__Brief__. Would you please transcribe the records below from the line with "Преступление и наказание_" through their final line, exactly and with no other lines?

(Input records begins)

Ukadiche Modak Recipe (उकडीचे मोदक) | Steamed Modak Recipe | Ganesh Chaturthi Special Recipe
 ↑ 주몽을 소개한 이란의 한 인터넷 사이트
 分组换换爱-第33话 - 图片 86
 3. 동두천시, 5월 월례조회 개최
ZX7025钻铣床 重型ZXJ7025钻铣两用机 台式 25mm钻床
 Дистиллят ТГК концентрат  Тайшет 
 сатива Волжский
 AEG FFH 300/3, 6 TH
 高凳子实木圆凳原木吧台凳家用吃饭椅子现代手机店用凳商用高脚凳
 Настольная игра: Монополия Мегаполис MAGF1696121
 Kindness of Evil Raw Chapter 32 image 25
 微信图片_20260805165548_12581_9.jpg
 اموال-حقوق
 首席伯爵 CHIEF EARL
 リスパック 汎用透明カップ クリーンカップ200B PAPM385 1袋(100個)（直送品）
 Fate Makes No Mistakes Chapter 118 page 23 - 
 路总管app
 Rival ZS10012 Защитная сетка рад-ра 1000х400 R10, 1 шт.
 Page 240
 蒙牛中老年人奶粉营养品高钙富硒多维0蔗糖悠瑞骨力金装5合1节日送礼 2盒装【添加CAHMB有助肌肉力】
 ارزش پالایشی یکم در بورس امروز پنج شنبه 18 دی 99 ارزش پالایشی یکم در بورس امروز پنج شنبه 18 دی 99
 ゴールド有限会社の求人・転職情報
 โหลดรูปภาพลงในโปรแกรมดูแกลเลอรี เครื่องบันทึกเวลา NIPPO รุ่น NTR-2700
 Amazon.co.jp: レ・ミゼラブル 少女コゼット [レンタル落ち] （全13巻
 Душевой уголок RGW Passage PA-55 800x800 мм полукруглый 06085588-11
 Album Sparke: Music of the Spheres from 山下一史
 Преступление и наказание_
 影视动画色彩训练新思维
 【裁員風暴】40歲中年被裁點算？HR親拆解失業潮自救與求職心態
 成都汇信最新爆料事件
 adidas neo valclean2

(Input records ends)

__Answer for this exercise__.
 Преступление и наказание_
 影视动画色彩训练新思维
 【裁員風暴】40歲中年被裁點算？HR親拆解失業潮自救與求職心態
 成都汇信最新爆料事件
 adidas neo valclean2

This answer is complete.